Grandparents spoiling their grandkids might occasionally involve some slight rule-bending (two scoops of ice cream instead of one, for instance) but it should never entail blatantly going against a parent's authority. If a parent says their kid isn't allowed to watch something, don't let them watch it in the name of grandparent spoiling. If a parent requires a child to wear a helmet to ride their tricycle, that same rule needs to be enforced at Grandma and Grampa's. Inconsistency in rules, especially ones kids have been told are for their safety and well-being, can be confusing.

It might help to have an upfront discussion about what hard and fast rules parents have in place so that grandparents don't accidentally undermine them. And definitely don't do the "I know your parents don't let you do this, but I will" thing, telling them it's okay to break their parents' rules. Just smile wisely as you add some extra ice cream to their bowl.

2. Don't forget to say no sometimes.

One of the most fun parts of being a grandparent is having the freedom (and perhaps the means) to say yes a lot. But that doesn't mean you should always say yes to any requests your grandchildren make.

Kids actually do want some boundaries, no matter how much of a fuss they may make about them. Saying no sometimes lets your grandchildren know that you care enough about them to offer thoughtful limits and that you yourself have some boundaries they need to respect. It doesn't have to be a mean or grumpy "no," but it's good to not give every wish and desire a green light. Sometimes you simply have to say no because something isn't feasible, but even the occasional "No, Grandpa needs a break from that game" or "No, we've had too much sugar today already" sends the message that not every whim is worth indulging.

3. Don't compete with the other set of grandparents

It's not unusual for children to have grandparents on both of their parents' sides, especially when they're young. Unfortunately, in some families, a competitive dynamic can emerge in which one side strives to be the "favorite." This can lead to overdoing the spoiling as well as making kids feel like they're being pitted against one side of their family. It can also fuel resentment or jealousy among family members, which isn't fun for anyone.

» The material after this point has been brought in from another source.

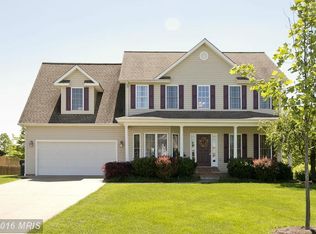 107 Kabardin Ct, Stephens City, VA 22655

There's no need to one-up the other grandparents by trying to be more fun or more generous or more indulgent. Just be the best version of a grandparent you can be, and encourage the kids to enjoy spending time with all of their elders while they're still around.

Being a grandparent is a privilege, and if you get to that stage you've earned the right to spoil your grandkids a bit. Just do so with these boundaries in mind so you can enjoy the joy and wonder of grandparenting with everyone's blessing.